A pintura emblemática de Albert Garreau, que esteve presente na cerimónia de 20 de dezembro de 1849, é o reflexo perfeito desta «abolição pela lei»: Sarda-Garriga detém numa mão o texto oficial que liberta os escravos imediatamente e, na outra mão, os instrumentos de trabalho, sublinhando que a nova liberdade não era sinónimo de ociosidade… À sua frente, os «novos livres», homens e mulheres, prostram-se em sinal de reconhecimento e aceitação deste ato republicano de Paris… Assim, na Reunião, a legalidade desejada pelo Governo provisório, resultante da Revolução parisiense de fevereiro, foi rigorosamente respeitada. Foi, de facto, uma «abolição concedida» e não o resultado de uma revolta armada. O padrão idealizado nas Antilhas não tinha sido emulado no Oceano Índico.

Alegoria da abolição da escravatura na Reunião, 20 de dezembro de 1848. Alphonse Garreau.
Por volta de 1849. Óleo sobre tela.
© RMN-Grand Palais (museu do quai Branly – Jacques Chirac)
Notas
[1] Assim, em 1848, a distribuição das propriedades fundiárias deixava pouco espaço para os grandes domínios, ao passo que as pequenas explorações agrícolas eram numerosas: 70,4% das explorações possuíam de 0 a 5 hectares; 9,6% de 5 a 10 hectares, 6,7% de 10 a 20 hectares; 9,3% de 20 a 100 hectares e 4% mais de 100 hectares. Na véspera da abolição, a Reunião era caracterizada por uma dispersão extrema de terras.

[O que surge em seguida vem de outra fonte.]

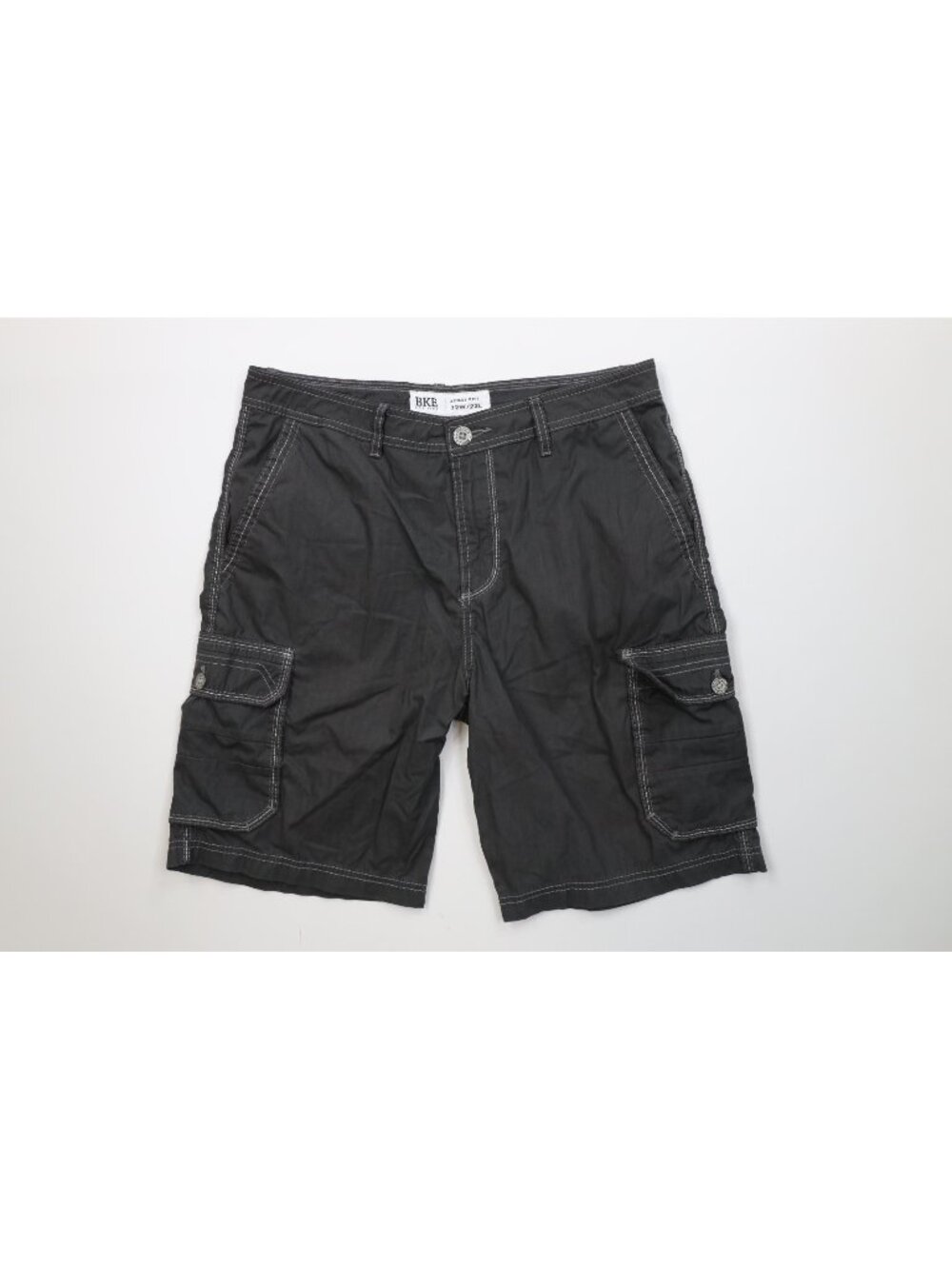 Buckle BKE Mens Size 32 Faded Athletic Fit Thick Stitch Cargo Shorts Gray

[2] Em 1848, a população dividia-se nas duas principais categorias jurídicas: 45 300 livres e 64 700 escravos. Evidentemente os escravos eram mais numerosos (quase 60% da população total), porém a proporção estava longe dos mais de 85 % de escravos de Santo Domingo na véspera de 1791.
[3] Ver o artigo de Prosper Eve «La thèse de la douceur de l’esclavage à Bourbon : mythe ou réalité ? », Cahiers des Anneaux de la Mémoire, Europe-Afrique-Amériques», Nantes, 2000, Nº 2, p. 17-38.
[4] A memória desta insurreição de 1811, e especialmente a sua violenta repressão, é hoje apresentada ao público graças a um monumento impressionante erguido na zona de Barachois, obra do artista Henri Maillot. Consultar Anexo A
[5] Ver Claude Wanquet, «Pas de ‘Spartacus noir’ aux Mascareignes ou pourquoi et comment l’abolition de l’esclavage y fut esquivée de 1794 à 1802», Slavery in south west indian ocean, Edition Uttam Bissoondoyal, Mahatma Gandhi Institute, Moka, Maurícia, 1989, 406 p.; não houve nem Makandal, nem Toussaint Louverture...
[6] Veja a tese inédita de Audrey Carotenuto, Esclaves et résistances. De la désobéissance ordinaire
à la révolte dans la société coloniale de l’île Bourbon. (1750-1848), Universidade da Provença, 2006. Consultar documentos anexo B.